The bills would remove certain barriers to competition such as unequal treatment and take out ambiguities that lead to lawsuits, said sponsor Phil King, R-Weatherford. The legislation would affect cable TV, wireless and landline phone service, Internet and other video companies.
The first bill, House Bill 789, overwhelmingly passed the House last month, and the second part, HB 3179, was approved by the Regulated Industries Committee Tuesday and will be eligible for debate by the full House if it is cleared by the Calendars Committee.
"We've regulated this to death," King said. "This is aimed at allowing new competitors to come in and fight for business and remove unnecessary legislation."
The Time Warner ad claimed passage would lead to redlining, where cable companies could pick and choose which markets they want to serve, said Ray Purser, vice president of public affairs for the company. A similar ad was placed in Sunday's Houston Chronicle.
Current law mandates that telecommunications companies must get separate franchises in each city they want to service. If a city grants a franchise, the company must serve all residents within the municipality, Purser said.
King's legislation would give franchises automatic rights to do business in any city in Texas and would allow companies to pick and choose who they serve, Purser said.
"It is state-sanctioned redlining," he said. "It allows telecommunications providers to only build in the wealthier neighborhoods. We are trying to educate the consumer on the fact that it is bad public policy to allow redlining."
King said consumers benefit the most from competition, and cable companies such as Time Warner are upset because they have had a monopoly on the market for so long and don't want new competitors.
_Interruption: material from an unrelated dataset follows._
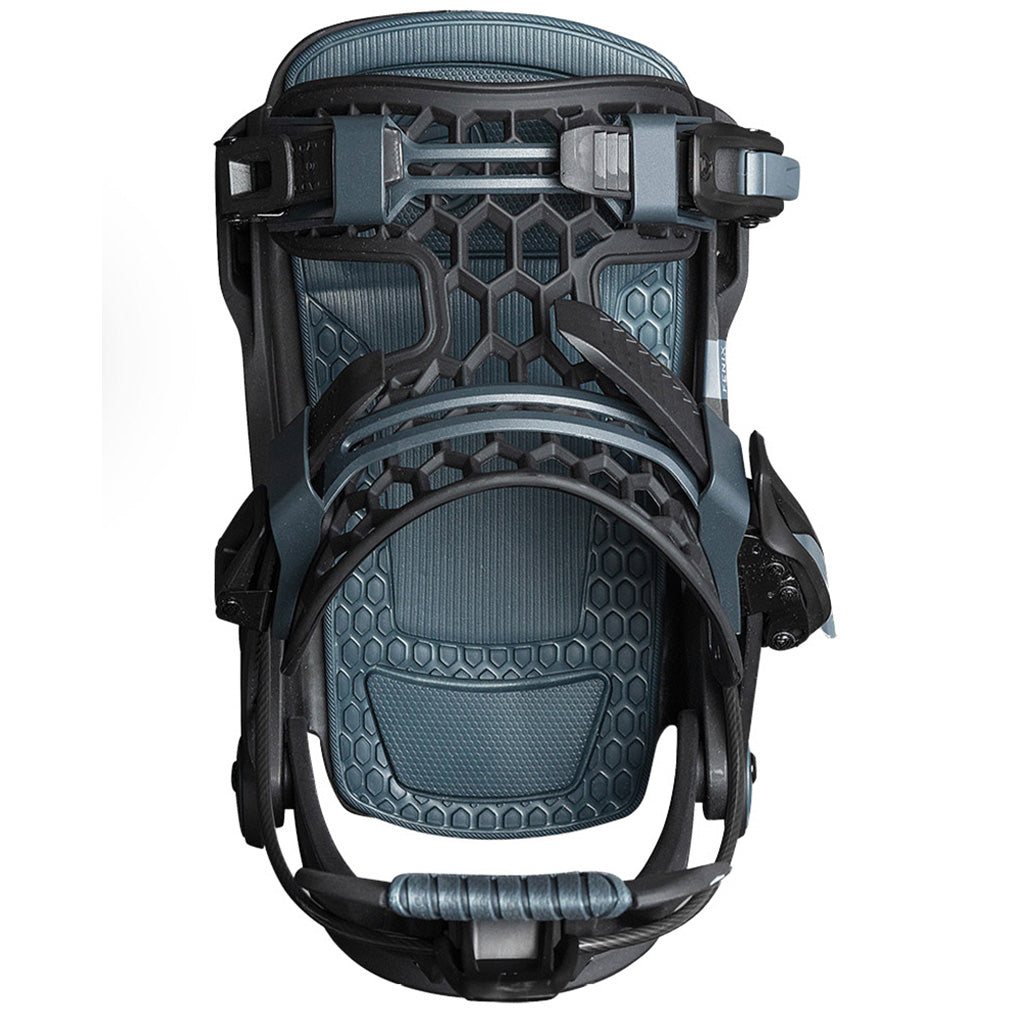 'Fenix Black 23/24'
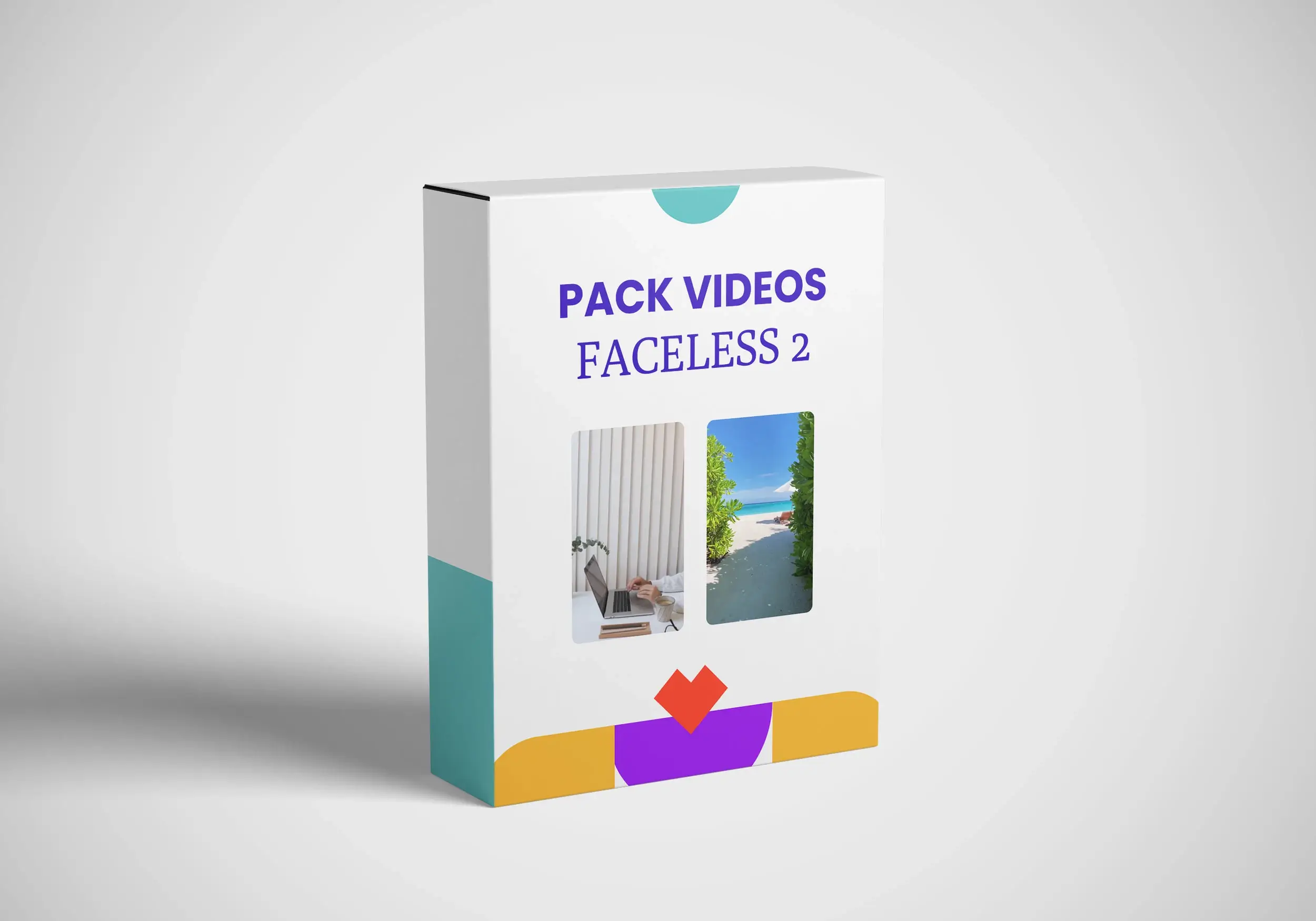 KitWeb - Box_Mockup_Videos_2-1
"The cable companies' arguments are not valid," he said. "What they're promoting is bad policy. They want to continue the monopoly and I don't think the legislators are buying it, so they're going to the public."
Hoping to compete with cable companies, SBC recently announced plans for a new project to provide cable service, and King's legislation would help push that initiative forward.
The Austin Chronicle notes that these bills are another form of intereference in municipal revenue by the State Lege.
Municipalities can also generate revenue through leasing rights-of-way, through fees charged to cable and telecom providers in exchange for the use of public streets. Last year, Austin took in just under $22 million in rights-of-way fees from cable and telecom providers. But under HB 3179, cities would no longer be able to negotiate right-of-way use agreements. A statewide standard would determine such things as the maximum number of PEG (public educational government) channels any cable provider was required to offer, and right-of-way fees would be replaced by a statewide 3.95% fee on each sale of a communications service. The precise provisions are still to be worked out (should the bill advance), but municipalities fear a legislated sweetheart deal for providers, with a consequent loss in revenue for cities.